I have bargained, begged, cried, screamed and 'prayed' for God to give me the 'sign' that 'he' exists and it has not happened. I have prayed to 'him' in agony I've said to 'him', 'Don't you see, you're ready to lose me, don't you care'? I have gone as far as leaving letters to 'him' under my pillow (to reveal himself to me in a dream) so 'he' could see how sincere I am! How's that for being crazy?
Sincere is what I have been! And I'm darn angry now!
I started to study websites like 'evil bible.com' and 'Why God won't heal amputees?' I have dabbled with the law of attraction, psychics, astrology, energy fields, and every new age 'thing' a person could try to find a faith that might be more reliable than the christian god.
If I ever even dreamt that I would be writing this letter.... The girl who studied her bible for years - I would have told you that the devil had complete control of me!
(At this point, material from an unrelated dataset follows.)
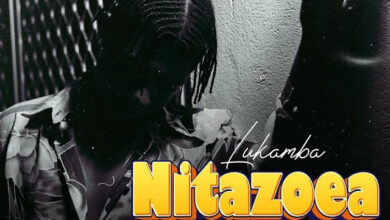 Audio: Lukamba - Nitazoea (Mp3 Download) - KibaBoy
I tried and tried and tried to make sense of this for all these years. I have heard horror stories of 'suffering' even within our own community of the church (let alone the whole world) and I always asked this God ; ''Why-Why-Why, can't you do something?? Can you not see what's happening down here? Can't you see how cruel nature can be? Don't you see what all these 'Holy Books' are doing to people down here? Can't you see the rapes, murders - the insanity of it all?''
How does one deal with the pain of no God? My search is almost over - but - what now? So I don't believe in God anymore.... What now? How does one deal with this? I've read that some of you are 'free'. I don't feel that way. No afterlife - no seeing my only sister who died 13 years ago - no seeing mom or dad? No reward for trying to be so good all these years? How does one deal with this 'Dark Night of The Soul''?